- [Exercise description] Make an exact copy of the listing, without images.

- [Material provided]
---*---

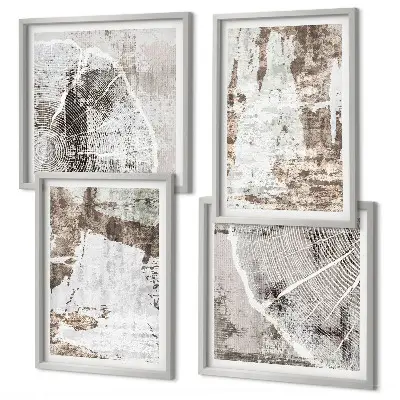Multi-piece abstract pattern wall decor set in white and brown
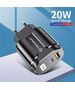Techsuit Incarcator Priza USB-A, QC 3.0, USB-C, 20W - Techsuit Premium (CHPD038) - Black 5949419020504 έως 12 άτοκες Δόσεις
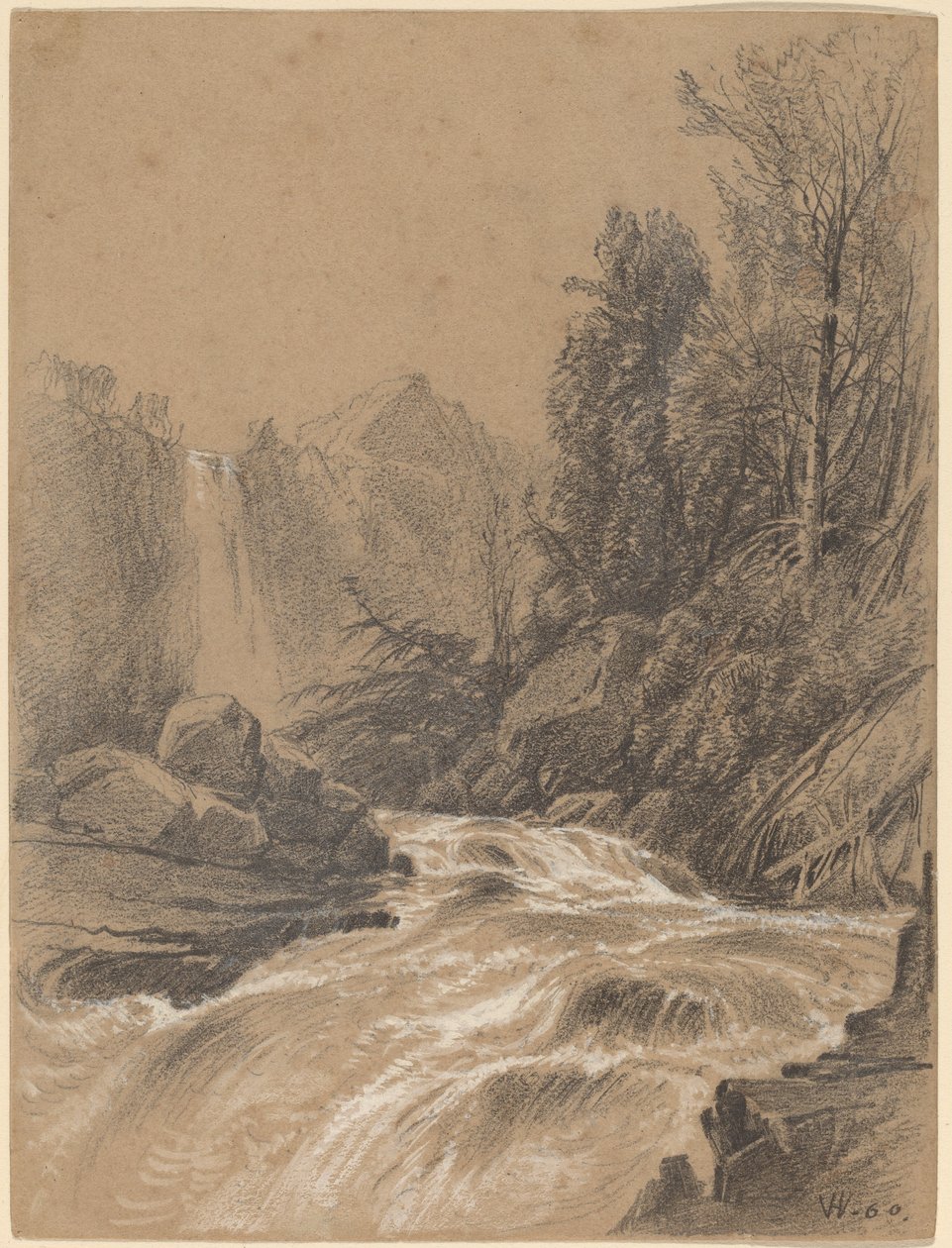 पर्वतीय परिदृश्य, धारा और झरना द्वारा विलियम हार्ट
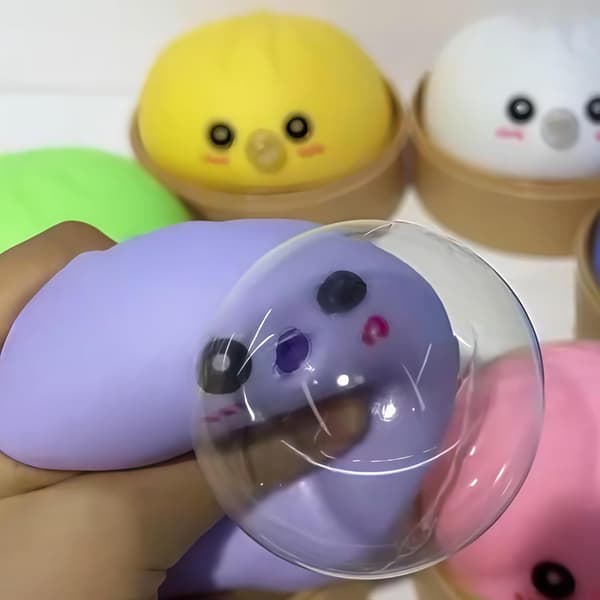 Ny Spit Bubble Dumpling Squishy Leketøy med Dampboks, Stresslindrende Sensorisk Fidget Leketøy for Autisme ADHD Barn og Voksne pink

---*---

- [Output of the exercise]
Multi-piece abstract pattern wall decor set in white and brown
Techsuit Incarcator Priza USB-A, QC 3.0, USB-C, 20W - Techsuit Premium (CHPD038) - Black 5949419020504 έως 12 άτοκες Δόσεις
 पर्वतीय परिदृश्य, धारा और झरना द्वारा विलियम हार्ट
 Ny Spit Bubble Dumpling Squishy Leketøy med Dampboks, Stresslindrende Sensorisk Fidget Leketøy for Autisme ADHD Barn og Voksne pink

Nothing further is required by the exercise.